Senator Harry Reid, the Democratic leader, sounded almost apologetic about Mr. Kerry's statements.
Harry Reid is on thin ice with most of us anyway. The only time he has shown any intestinal fortitude was when he closed the Senate down, because of the lack of hearings by Pat Roberts' committee. There still haven't been any hearings on the subject of the use of pre-war Intel.
"No one can complain on this matter that there hasn't been sufficient time to talk about Judge Alito, pro and con," Mr. Reid said on the Senate floor. "I hope that this matter will be resolved without too much more talking."

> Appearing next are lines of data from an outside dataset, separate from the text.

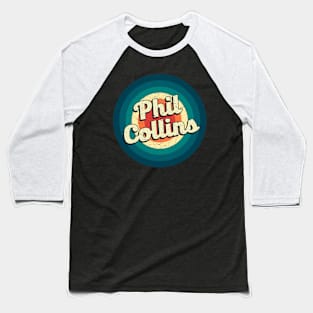 Graphic Phil Name Retro Vintage Circle Baseball T-Shirt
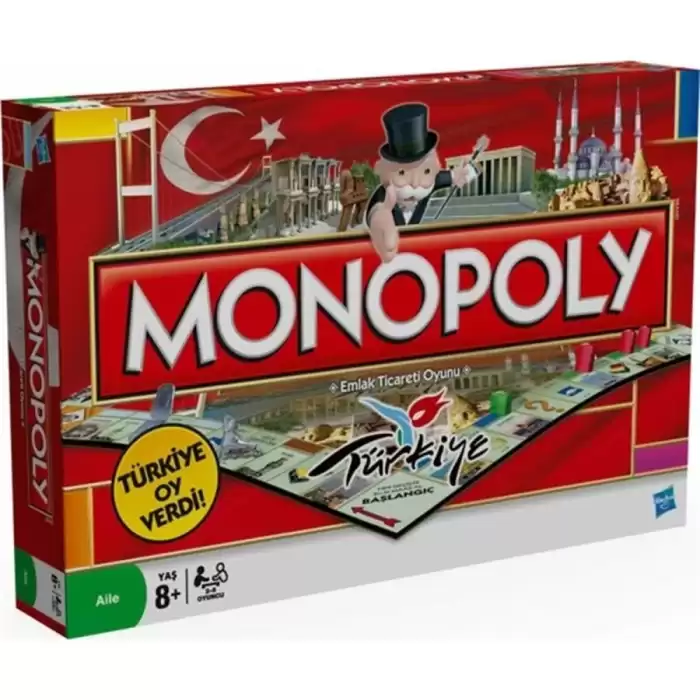 Monopoly Türkiye Kutu Oyunu 01610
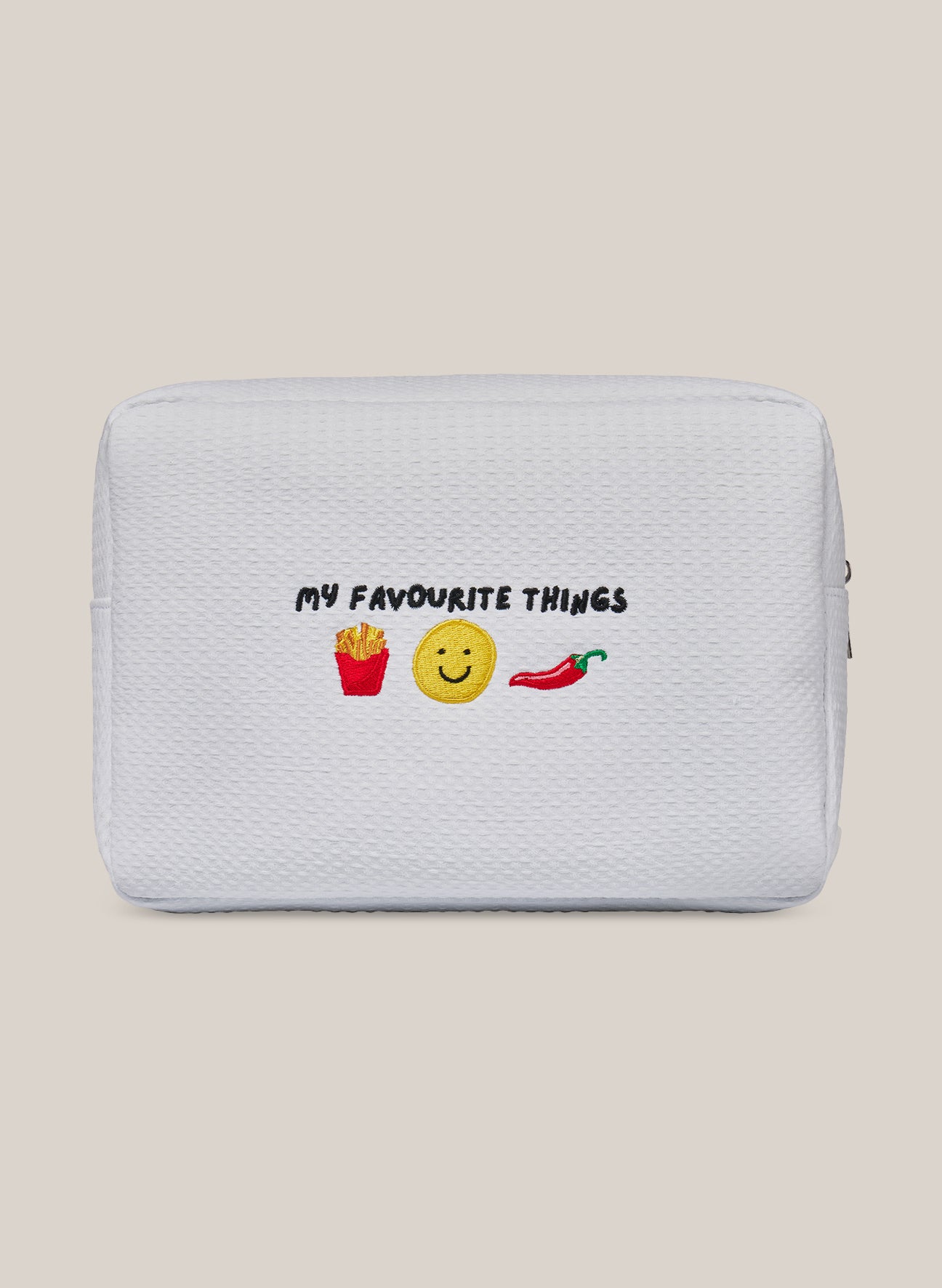 Waffle Pouch - White
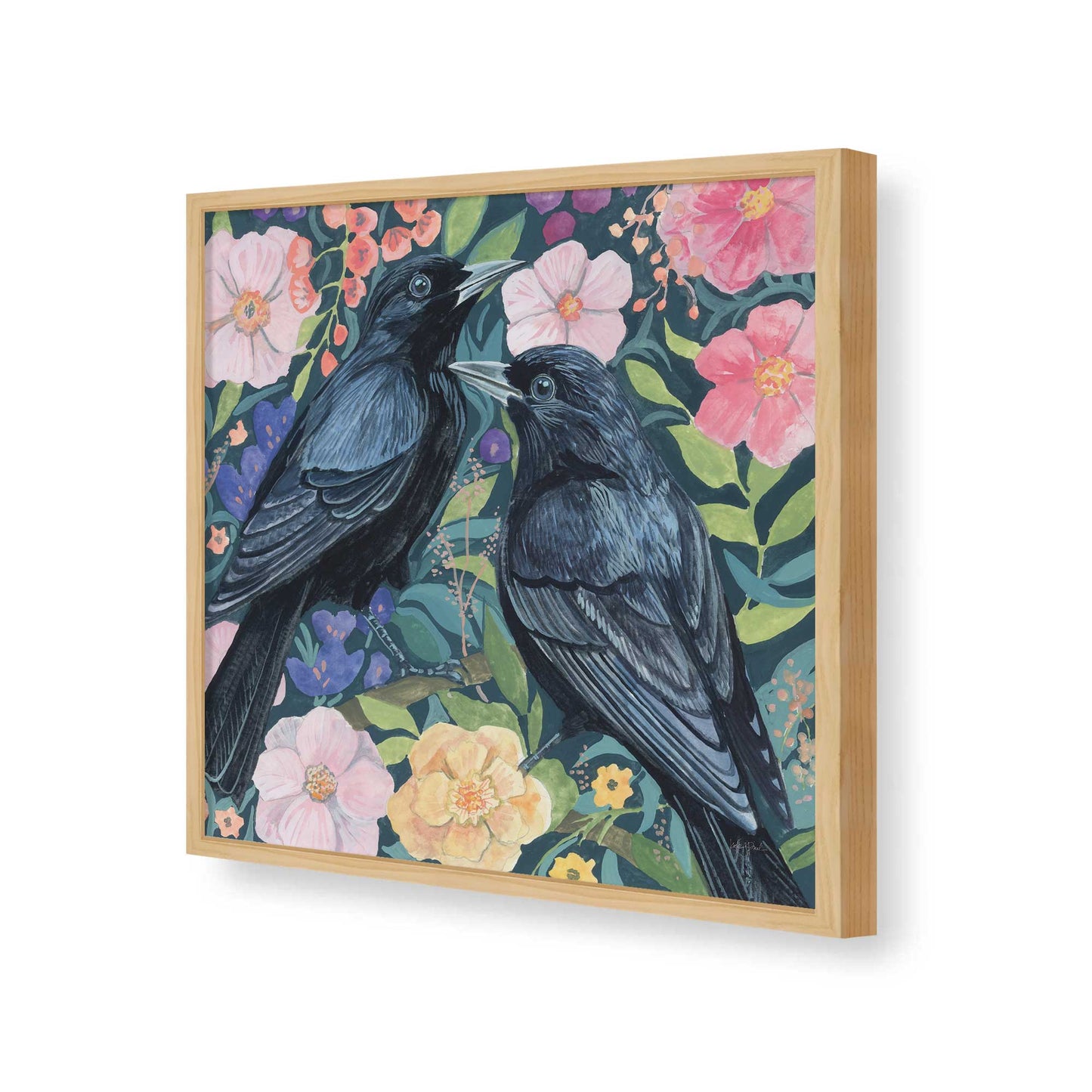 [Color:American Maple], Picture of art in a American Maple frame of the corner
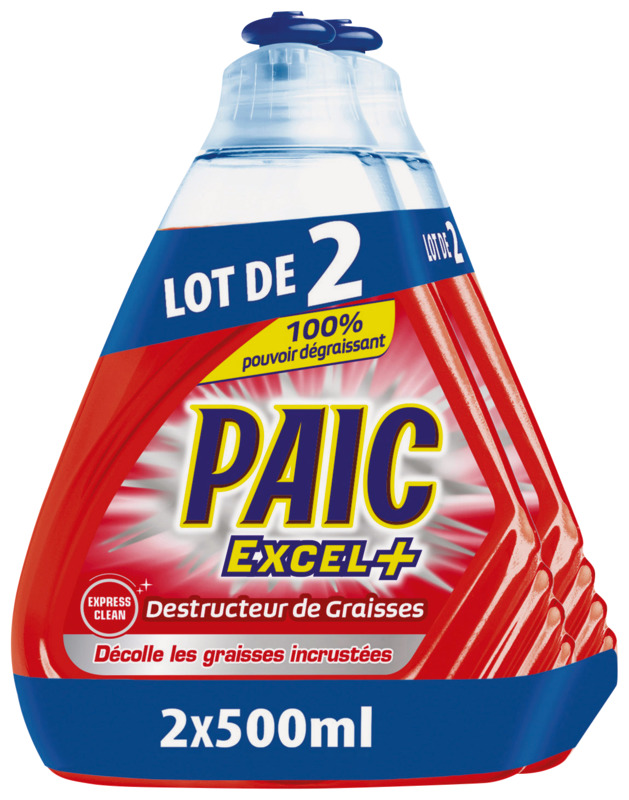 LIQUIDE VAISSELLE EXCEL +  DESTRUCTEUR DE GRAIS...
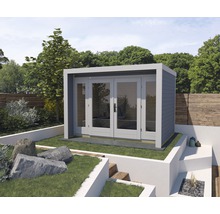 Gartenhaus weka Design 263 Gr. 2 inkl. Fußboden 305 x 250 cm grau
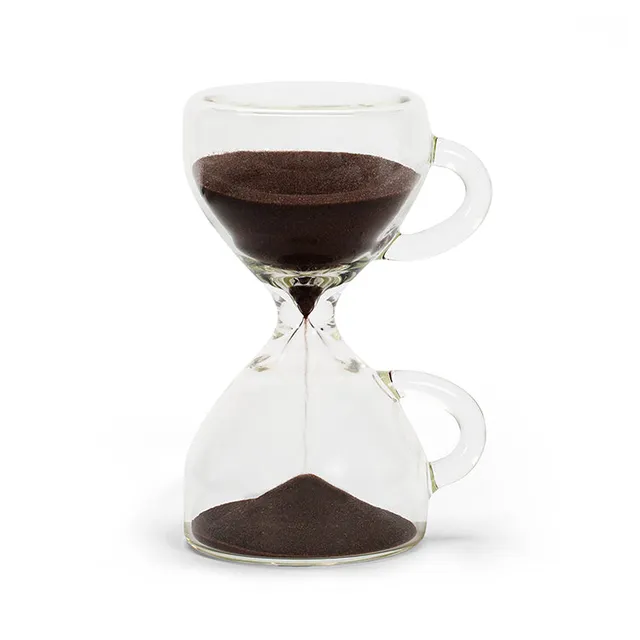 Kikkerland Kitchen Coffee Break Sanduhr 15 Minuten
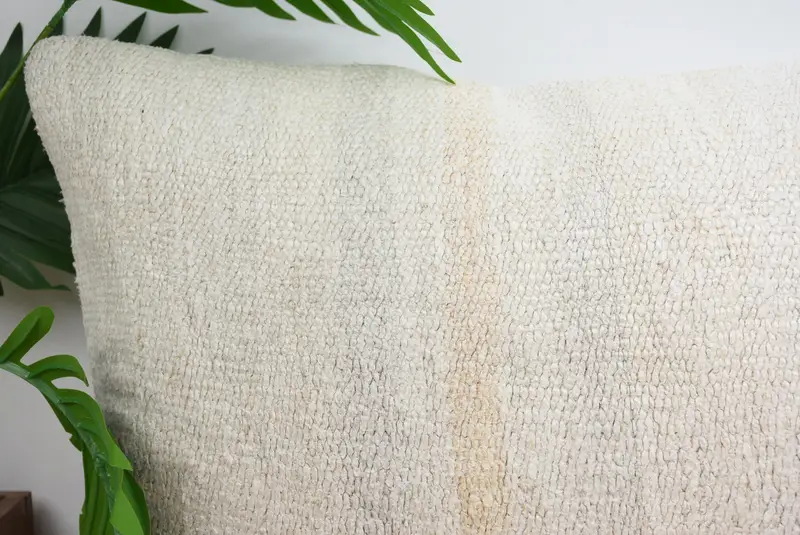 Cushion, Tribal Cushion Case, 16x24 White Pillow Case, Ethnical Kilim Rug Pillow, Turkish Kilim Pillow, Colorful Pillow, Turkish Pillow - 2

Mr. Kerry's call for a filibuster, an effort to stop confirmation by refusing to close debate and hold a vote, was joined by his fellow Democratic senator from Massachusetts, Edward M. Kennedy.
Good for you, Teddy
Under Senate procedures, their objections blocked the Senate Democratic and Republican leaders from setting Tuesday as the date for a vote on confirmation.
Instead, the Senate will vote Monday on whether to close debate. Sixty votes are required for a full Senate vote on Judge Alito. More than 60 senators have already pledged to support him, and the leaders of both parties said they expected to hold the full vote on Tuesday.
Mr. Kerry offered an explanation for his position in a post on a liberal blog, the Daily Kos.
"People can say all they want that 'elections have consequences,' " he wrote. "Trust me, more than anyone I understand that. But that seems like an awfully convoluted rationale for me to stay silent about Judge Alito's nomination."
Mr. Kerry was celebrated by leaders of the coalition of liberal groups opposing Judge Alito's nomination.
"Senator John Kerry has called for a filibuster of the Alito nomination, heeding your calls to do everything possible to defeat it," People for the American Way cheered in an e-mail message to its supporters.
Mr. Kennedy said a filibuster might help focus attention on the nomination and give its opponents a last chance to sway the public and the Senate.
He acknowledged some "divisions in the caucus" over the advisability of a filibuster, but he said the effort had the support of a few others, including Senator Richard J. Durbin of Illinois, the Democratic whip.
A spokesman for Mr. Durbin confirmed that he would vote against closing debate.
"It is an uphill climb at this point," Mr. Kennedy said of a filibuster. "But it is achievable."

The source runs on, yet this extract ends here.